“Do with me what you will!”
Then the count pronounced his sentence:—
“My mother has interceded for you. Therefore you may stay in my house. But hereafter it is she who commands, and you who obey.”
See the way of the penitent! The young countess has become the most humble of servants. How long? Oh, how long?
How long shall a proud heart be able to bend? How long can impatient lips keep silent; how long a passionate hand be held back?
Sweet is the misery of humiliation. When the back aches from the heavy work the heart is at peace. To one who sleeps a few short hours on a hard bed of straw, sleep comes uncalled.

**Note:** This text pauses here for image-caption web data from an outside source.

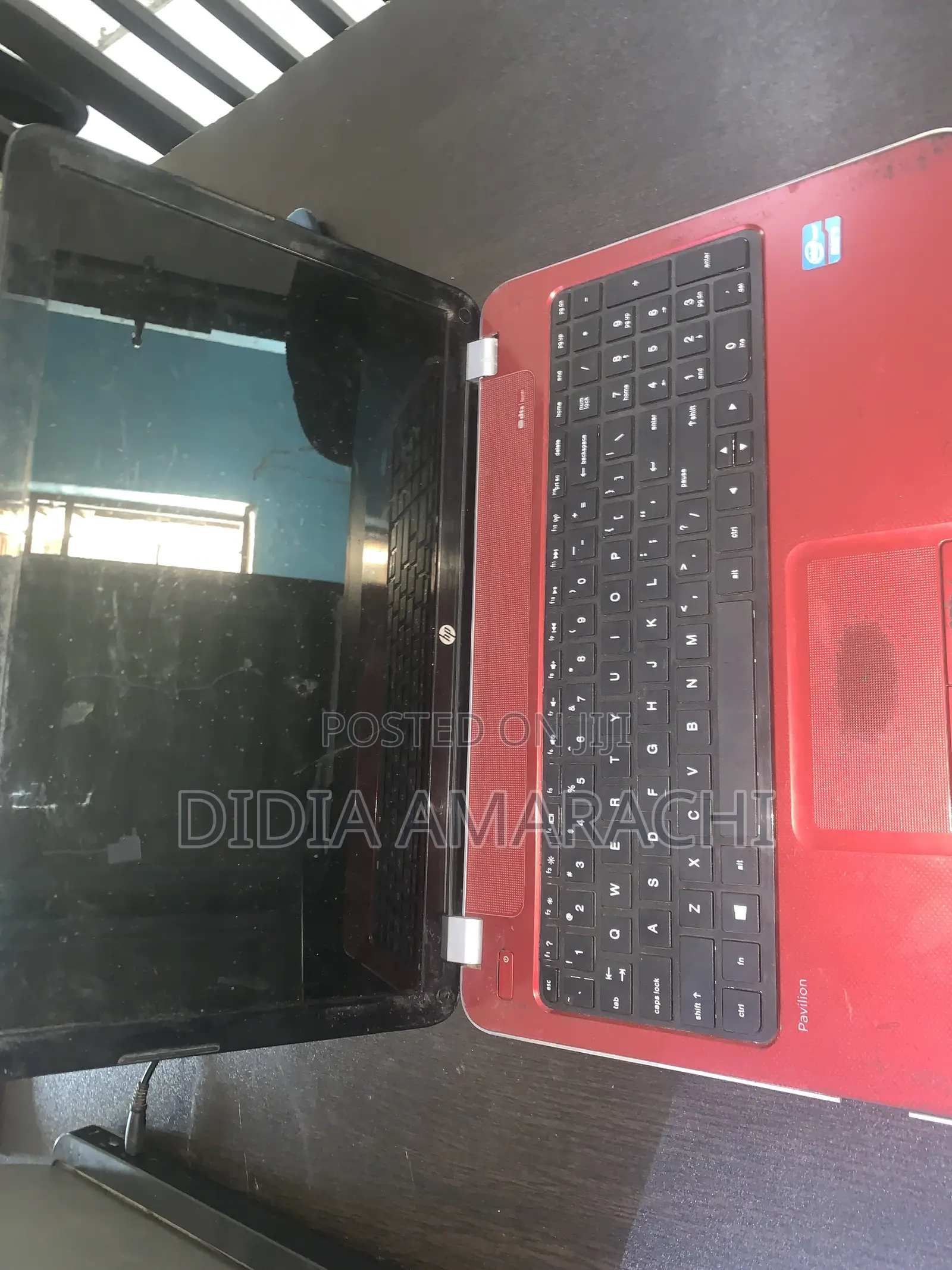 Laptop HP 15 4GB Intel Core i5 HDD 500GB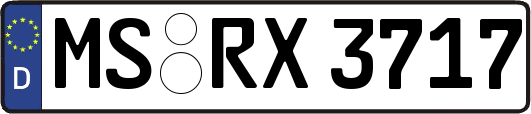 MS-RX3717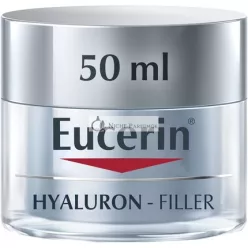 Eucerin Hyaluron Filler Nočný Krém, 50ml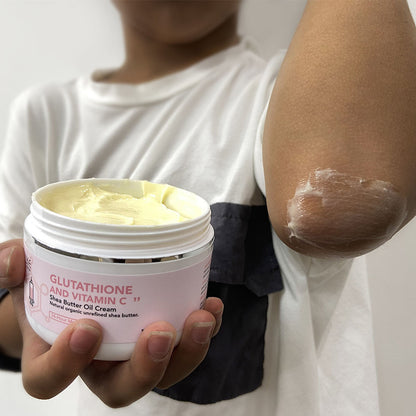 Shea Butter Moisturizing Cream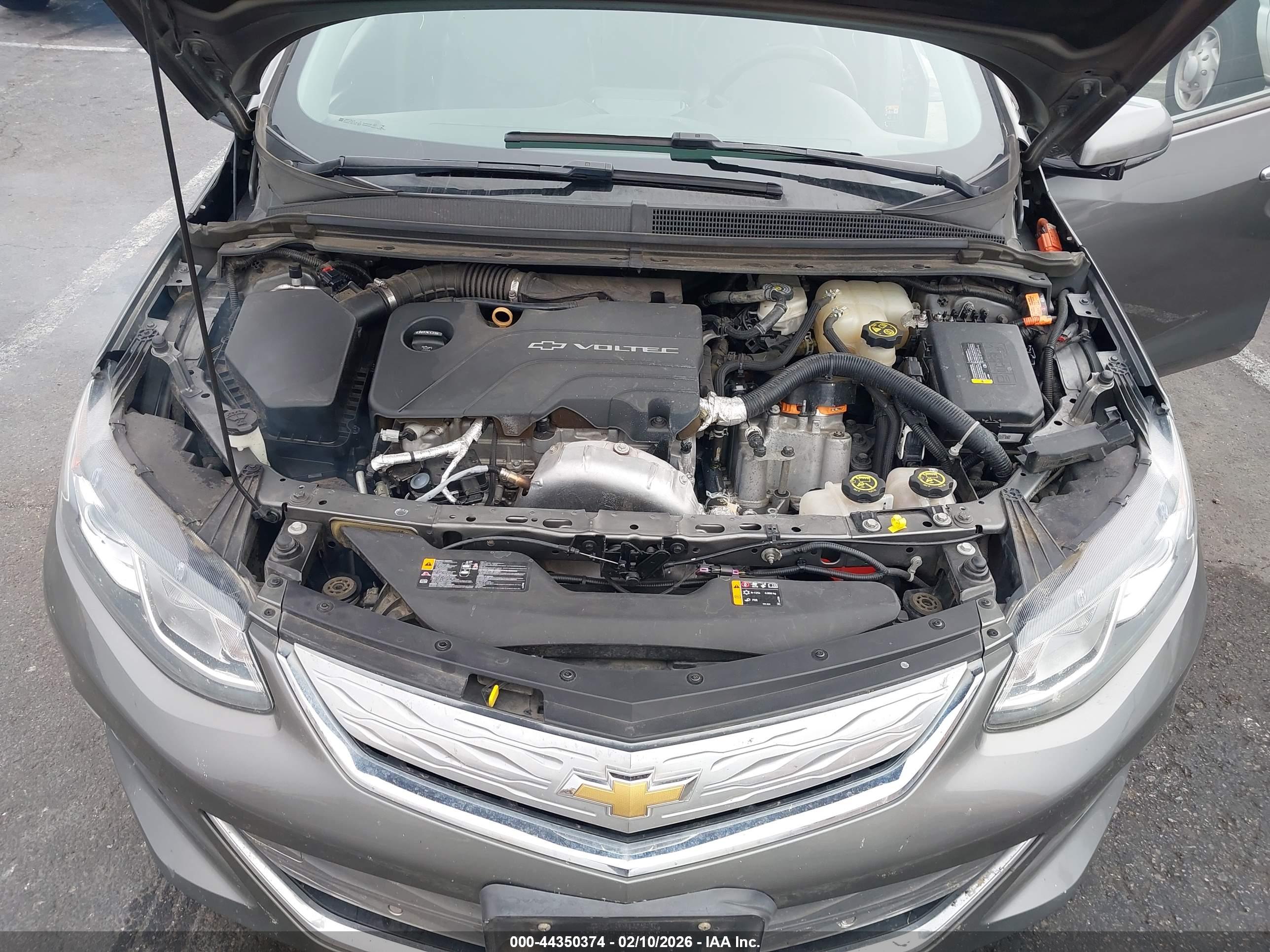 CHEVROLET VOLT image 10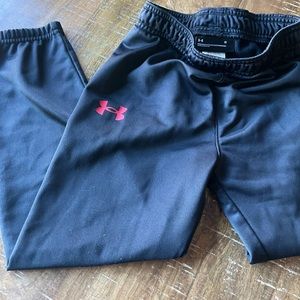 {UNDER ARMOUR} joggers boys 5 BOGO 🆓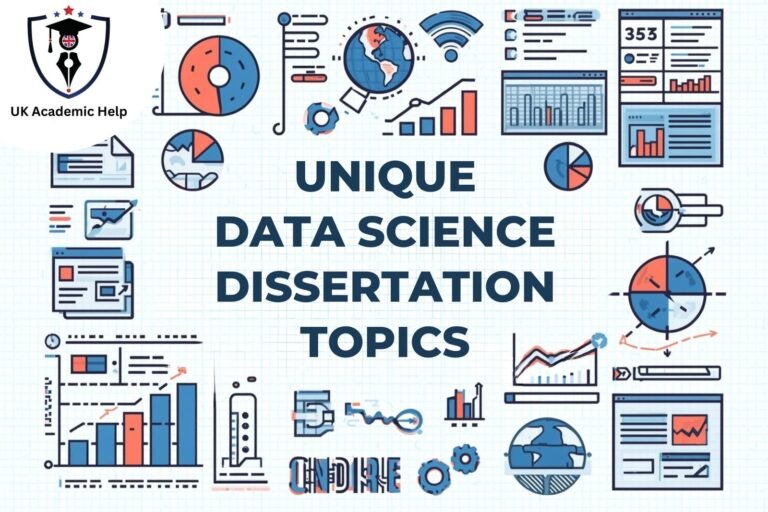 Unique Data Science Dissertation Topics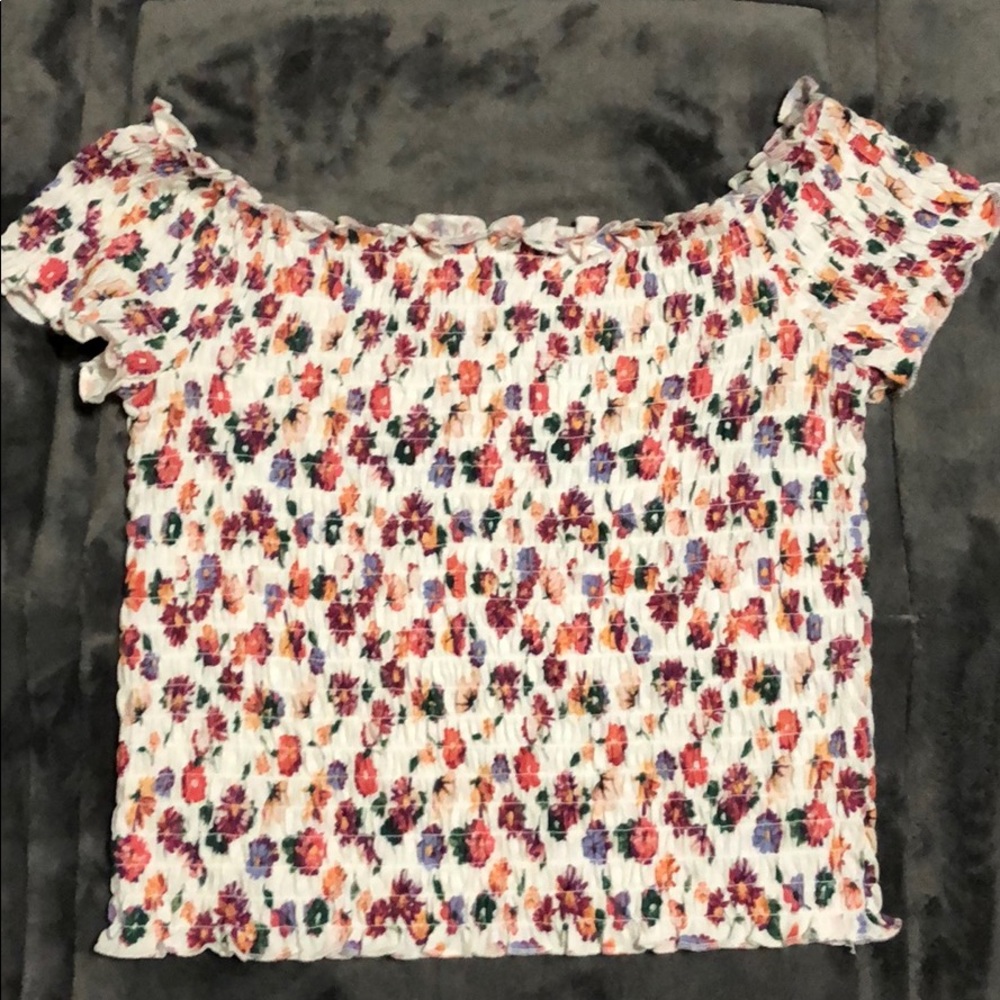 Cute top!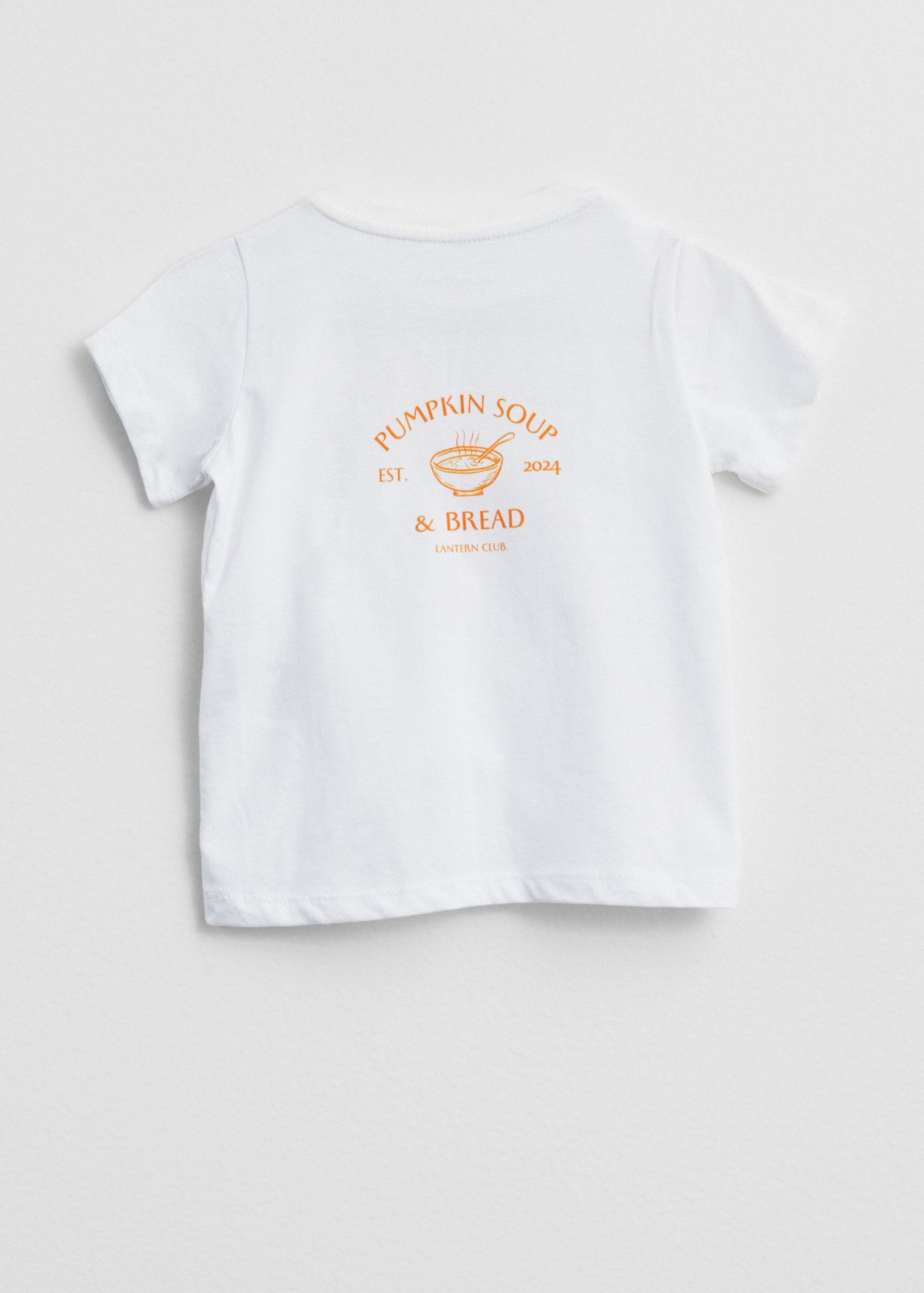 Pumpkin T-shirt - Baby - Minamily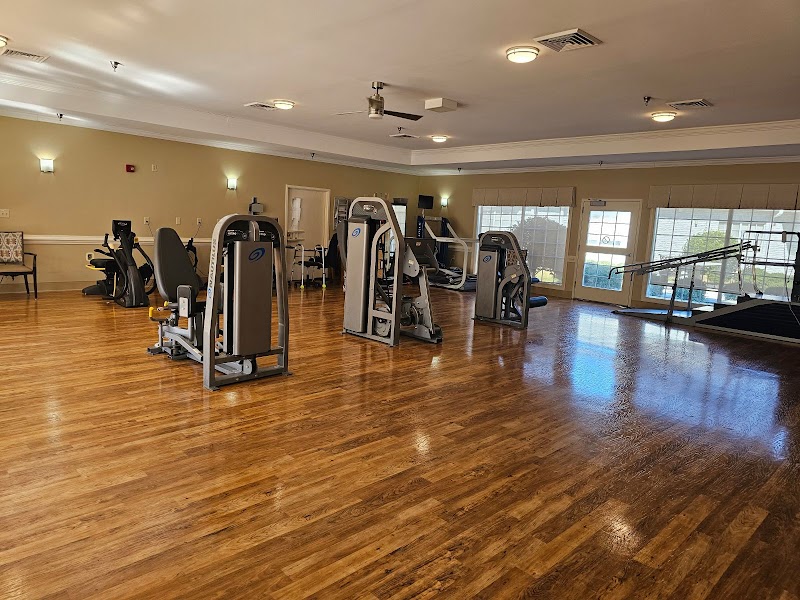 Carolina Rehab Center of Cumberland nursing home in Fayetteville, NC - Photo 5 of 5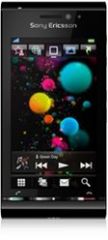 The Sony Ericsson Satio, by Sony Ericsson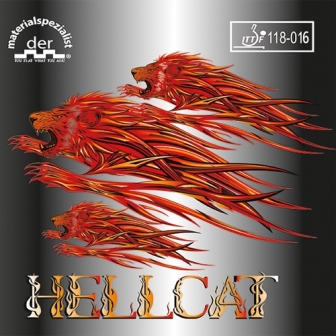 DER MATERIALSPEZIALIST- rubber HELLCAT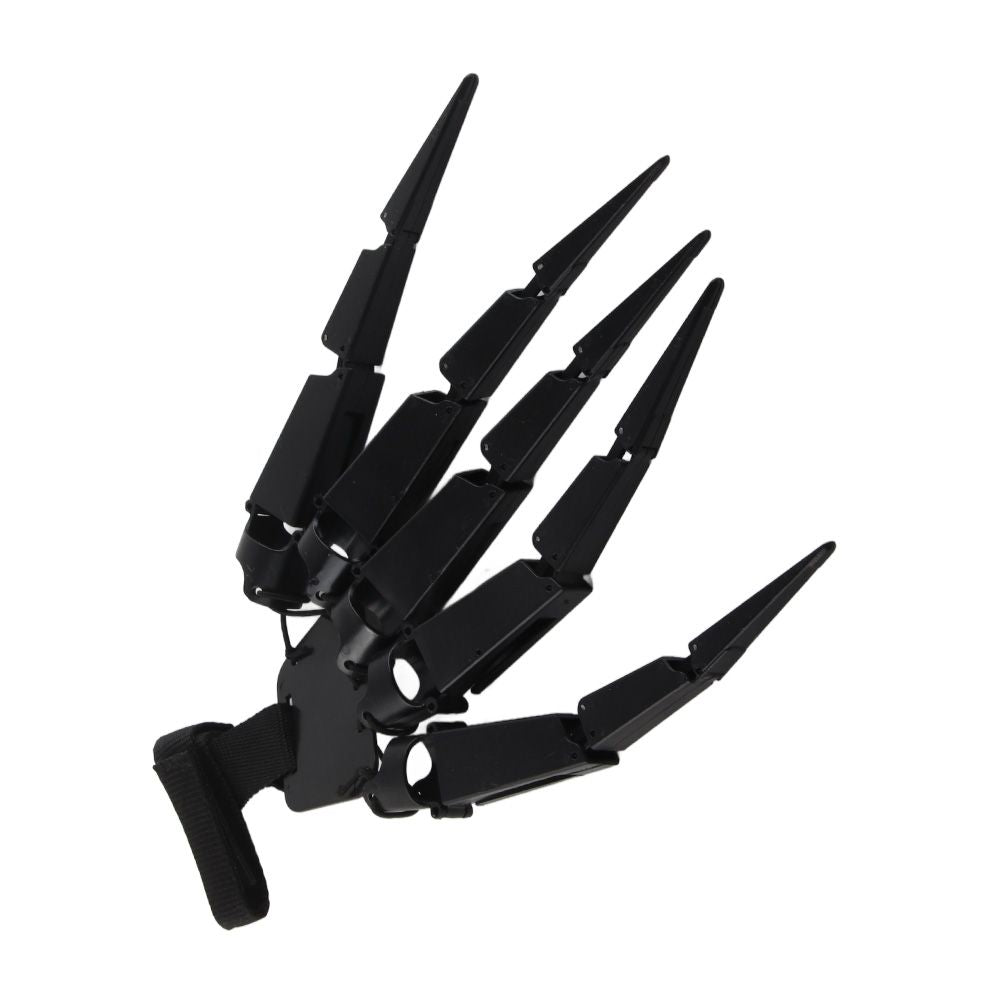 Halloween Jointed Fingers Halloween Cosplay Props Horror Joint Claw Toy for Masquerade Party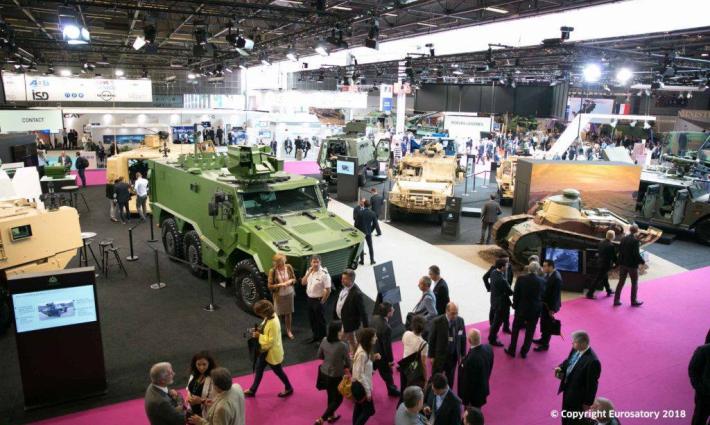 إدانة لقبول مشاركة "إسرائيل" في معرض أسلحة في فرنسا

Let the older woman change herself into an evil spirit to torture the younger. She thanks her benefactress. As yet the evil is not dead in her. Hunt her up at four o’clock every morning! Impose on the inexperienced workwoman an unreasonable day’s work at the heavy weaving-loom! It is well. The penitent has perhaps not strength enough to swing the scourge with the required force.
When the time for the great spring washing comes,[3] Countess Märta has her stand at the tub in the wash-house. She comes herself to oversee her work. “The water is too cold in your tub,” she says, and takes boiling water from a kettle and pours it over her bare arms.
The day is cold, the washerwomen have to stand by the lake and rinse out the clothes. Squalls rush by and drench them with sleet. Dripping wet and heavy as lead are the washerwomen’s skirts.